In my Comp 1 class, I’m having students do two portfolios—one emphasizing excessive revision in the Nancy Welch-sense and the other emphasizing revising toward a focus—and a final “Editorial Board Project” in which the entire class will act as an editorial board to critique the writing the class has produced, shepherd one piece of writing from each class member through an extensive review and revision process, and then put together a class magazine modeled on The Sun.
In my Comp 2 classes, I’m doing my usual multigenre multimodal thing, but I’m putting more emphasis than usual on the concepts of knowledge production and consumption. I’m using the Wysocki and Lynch text, which I like for the most part, although their intended audience is clearly NOT community college students, which is typical and irritating.
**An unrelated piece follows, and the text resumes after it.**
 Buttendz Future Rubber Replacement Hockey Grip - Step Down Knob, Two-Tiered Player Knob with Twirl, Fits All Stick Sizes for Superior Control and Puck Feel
In my Women & Lit class, I am mostly planning to just stay the hell out of the way. The students have already taken ownership of the class and I truly feel that if I didn’t show up for class one day, the students would still stay for the full class time and have a deep and wide-ranging discussion. This week, students read and discussed Francine Prose’s “Scent of a Woman’s Ink” and Maxine Hong Kingston’s incredibly sad “No Name Woman” and were deep into discussion when I arrived. The first novel they’ll read is Margaret Atwood’s The Penelopiad, and then we’ll read novels by Isabel Allende, Maya Angelou, and Joanne Harris, a book of poems by Mary Oliver, and various other poems.
All of my classes are blogging (of course), but I’m giving the comp classes specific prompts and time in class to at least start their blog entries, which seems to be effective so far in getting students to actually do the blogging reliably.